Stored items from a collection
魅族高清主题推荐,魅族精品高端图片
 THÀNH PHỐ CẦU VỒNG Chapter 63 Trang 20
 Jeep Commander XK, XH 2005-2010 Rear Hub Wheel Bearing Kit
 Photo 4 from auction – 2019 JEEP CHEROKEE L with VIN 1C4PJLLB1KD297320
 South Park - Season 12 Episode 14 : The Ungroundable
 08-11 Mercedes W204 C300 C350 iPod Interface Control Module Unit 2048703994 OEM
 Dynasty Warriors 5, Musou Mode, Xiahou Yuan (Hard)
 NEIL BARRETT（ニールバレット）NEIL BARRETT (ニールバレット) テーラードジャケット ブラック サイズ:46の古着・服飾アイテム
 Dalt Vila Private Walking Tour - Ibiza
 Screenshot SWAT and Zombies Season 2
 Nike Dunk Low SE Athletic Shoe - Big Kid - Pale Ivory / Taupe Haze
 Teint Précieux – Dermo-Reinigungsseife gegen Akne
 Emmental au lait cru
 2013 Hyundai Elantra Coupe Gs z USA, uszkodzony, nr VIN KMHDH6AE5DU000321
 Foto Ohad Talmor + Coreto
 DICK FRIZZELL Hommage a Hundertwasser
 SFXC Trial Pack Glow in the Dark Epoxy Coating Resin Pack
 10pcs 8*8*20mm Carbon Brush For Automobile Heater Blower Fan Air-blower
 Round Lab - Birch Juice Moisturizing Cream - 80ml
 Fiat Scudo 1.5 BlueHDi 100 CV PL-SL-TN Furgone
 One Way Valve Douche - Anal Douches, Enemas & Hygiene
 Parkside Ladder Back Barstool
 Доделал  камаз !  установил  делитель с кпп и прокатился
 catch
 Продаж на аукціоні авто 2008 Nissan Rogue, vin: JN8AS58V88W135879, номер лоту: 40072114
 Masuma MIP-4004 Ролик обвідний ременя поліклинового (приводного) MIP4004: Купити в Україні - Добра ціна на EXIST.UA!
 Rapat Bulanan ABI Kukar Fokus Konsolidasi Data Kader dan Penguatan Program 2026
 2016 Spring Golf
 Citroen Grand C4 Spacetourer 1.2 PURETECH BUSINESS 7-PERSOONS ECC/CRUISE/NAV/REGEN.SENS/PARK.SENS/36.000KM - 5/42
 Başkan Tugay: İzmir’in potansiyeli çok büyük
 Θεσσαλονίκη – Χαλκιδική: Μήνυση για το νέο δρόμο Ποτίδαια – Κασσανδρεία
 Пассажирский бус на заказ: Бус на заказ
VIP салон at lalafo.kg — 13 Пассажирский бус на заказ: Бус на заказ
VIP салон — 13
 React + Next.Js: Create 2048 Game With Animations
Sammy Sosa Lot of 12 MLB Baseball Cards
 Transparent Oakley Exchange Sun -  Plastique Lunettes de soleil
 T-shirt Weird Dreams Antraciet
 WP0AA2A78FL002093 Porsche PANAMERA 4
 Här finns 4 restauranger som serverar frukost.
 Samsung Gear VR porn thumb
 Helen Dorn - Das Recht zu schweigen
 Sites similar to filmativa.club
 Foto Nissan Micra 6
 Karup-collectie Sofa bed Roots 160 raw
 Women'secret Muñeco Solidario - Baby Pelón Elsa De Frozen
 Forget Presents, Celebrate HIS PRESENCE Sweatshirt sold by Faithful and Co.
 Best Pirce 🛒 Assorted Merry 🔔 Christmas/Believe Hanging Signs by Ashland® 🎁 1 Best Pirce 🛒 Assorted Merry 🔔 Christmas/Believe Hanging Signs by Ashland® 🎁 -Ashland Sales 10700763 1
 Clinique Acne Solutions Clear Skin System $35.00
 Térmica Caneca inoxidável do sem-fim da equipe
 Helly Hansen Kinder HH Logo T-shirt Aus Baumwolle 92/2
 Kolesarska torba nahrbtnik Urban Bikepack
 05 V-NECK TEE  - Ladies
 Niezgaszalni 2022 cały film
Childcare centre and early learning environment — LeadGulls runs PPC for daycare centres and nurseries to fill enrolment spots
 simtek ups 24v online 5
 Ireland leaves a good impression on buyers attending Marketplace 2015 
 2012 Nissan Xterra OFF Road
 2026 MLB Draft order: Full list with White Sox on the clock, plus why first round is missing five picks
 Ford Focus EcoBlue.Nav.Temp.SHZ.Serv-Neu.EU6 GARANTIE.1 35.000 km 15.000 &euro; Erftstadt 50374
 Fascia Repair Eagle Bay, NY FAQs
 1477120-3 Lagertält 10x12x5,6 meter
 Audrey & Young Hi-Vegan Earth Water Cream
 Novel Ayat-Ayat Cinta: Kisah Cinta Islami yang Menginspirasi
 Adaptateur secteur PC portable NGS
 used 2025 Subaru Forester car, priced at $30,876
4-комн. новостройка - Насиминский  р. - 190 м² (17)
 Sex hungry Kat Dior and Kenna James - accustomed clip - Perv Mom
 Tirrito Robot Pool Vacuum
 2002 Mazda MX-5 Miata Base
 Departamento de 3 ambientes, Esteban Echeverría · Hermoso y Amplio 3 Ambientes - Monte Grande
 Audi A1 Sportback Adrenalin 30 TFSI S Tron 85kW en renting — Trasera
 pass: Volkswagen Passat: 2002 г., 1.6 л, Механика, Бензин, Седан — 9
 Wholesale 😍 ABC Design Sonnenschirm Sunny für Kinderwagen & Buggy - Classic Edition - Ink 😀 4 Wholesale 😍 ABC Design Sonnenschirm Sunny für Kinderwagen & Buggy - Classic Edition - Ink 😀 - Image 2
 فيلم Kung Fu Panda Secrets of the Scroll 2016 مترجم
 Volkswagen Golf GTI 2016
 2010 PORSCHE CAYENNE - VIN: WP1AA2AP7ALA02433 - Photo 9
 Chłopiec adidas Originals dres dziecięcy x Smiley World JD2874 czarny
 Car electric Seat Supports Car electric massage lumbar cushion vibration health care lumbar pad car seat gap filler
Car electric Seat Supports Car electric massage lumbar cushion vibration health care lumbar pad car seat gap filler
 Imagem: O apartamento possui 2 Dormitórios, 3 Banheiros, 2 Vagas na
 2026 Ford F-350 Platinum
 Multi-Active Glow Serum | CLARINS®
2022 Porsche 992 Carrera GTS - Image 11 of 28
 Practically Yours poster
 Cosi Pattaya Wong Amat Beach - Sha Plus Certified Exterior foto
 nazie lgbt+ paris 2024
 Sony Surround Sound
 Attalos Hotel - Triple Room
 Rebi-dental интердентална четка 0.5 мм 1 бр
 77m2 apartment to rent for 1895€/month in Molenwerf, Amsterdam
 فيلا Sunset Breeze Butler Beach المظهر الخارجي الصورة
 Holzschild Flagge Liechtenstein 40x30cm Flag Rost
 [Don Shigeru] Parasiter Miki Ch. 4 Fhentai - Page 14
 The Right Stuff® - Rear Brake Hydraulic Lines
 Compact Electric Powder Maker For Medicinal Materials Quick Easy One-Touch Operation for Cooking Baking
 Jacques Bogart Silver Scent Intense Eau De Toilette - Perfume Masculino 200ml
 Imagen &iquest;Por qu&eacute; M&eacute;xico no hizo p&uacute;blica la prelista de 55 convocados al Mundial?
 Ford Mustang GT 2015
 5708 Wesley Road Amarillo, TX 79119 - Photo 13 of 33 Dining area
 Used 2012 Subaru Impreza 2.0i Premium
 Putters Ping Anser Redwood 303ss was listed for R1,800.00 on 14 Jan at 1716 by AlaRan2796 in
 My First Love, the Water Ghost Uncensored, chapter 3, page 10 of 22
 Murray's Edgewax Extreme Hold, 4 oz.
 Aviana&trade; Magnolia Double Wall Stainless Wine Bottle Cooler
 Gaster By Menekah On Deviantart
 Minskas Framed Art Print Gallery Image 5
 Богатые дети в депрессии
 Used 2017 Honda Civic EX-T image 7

• **TASK DESCRIPTION**:
Copy, please, exactly the lines that start at the first line of the data and end at the line containing "Продаж на аукціоні", both kept and no others.

• **SOLVED PROBLEM**:
魅族高清主题推荐,魅族精品高端图片
 THÀNH PHỐ CẦU VỒNG Chapter 63 Trang 20
 Jeep Commander XK, XH 2005-2010 Rear Hub Wheel Bearing Kit
 Photo 4 from auction – 2019 JEEP CHEROKEE L with VIN 1C4PJLLB1KD297320
 South Park - Season 12 Episode 14 : The Ungroundable
 08-11 Mercedes W204 C300 C350 iPod Interface Control Module Unit 2048703994 OEM
 Dynasty Warriors 5, Musou Mode, Xiahou Yuan (Hard)
 NEIL BARRETT（ニールバレット）NEIL BARRETT (ニールバレット) テーラードジャケット ブラック サイズ:46の古着・服飾アイテム
 Dalt Vila Private Walking Tour - Ibiza
 Screenshot SWAT and Zombies Season 2
 Nike Dunk Low SE Athletic Shoe - Big Kid - Pale Ivory / Taupe Haze
 Teint Précieux – Dermo-Reinigungsseife gegen Akne
 Emmental au lait cru
 2013 Hyundai Elantra Coupe Gs z USA, uszkodzony, nr VIN KMHDH6AE5DU000321
 Foto Ohad Talmor + Coreto
 DICK FRIZZELL Hommage a Hundertwasser
 SFXC Trial Pack Glow in the Dark Epoxy Coating Resin Pack
 10pcs 8*8*20mm Carbon Brush For Automobile Heater Blower Fan Air-blower
 Round Lab - Birch Juice Moisturizing Cream - 80ml
 Fiat Scudo 1.5 BlueHDi 100 CV PL-SL-TN Furgone
 One Way Valve Douche - Anal Douches, Enemas & Hygiene
 Parkside Ladder Back Barstool
 Доделал  камаз !  установил  делитель с кпп и прокатился
 catch
 Продаж на аукціоні авто 2008 Nissan Rogue, vin: JN8AS58V88W135879, номер лоту: 40072114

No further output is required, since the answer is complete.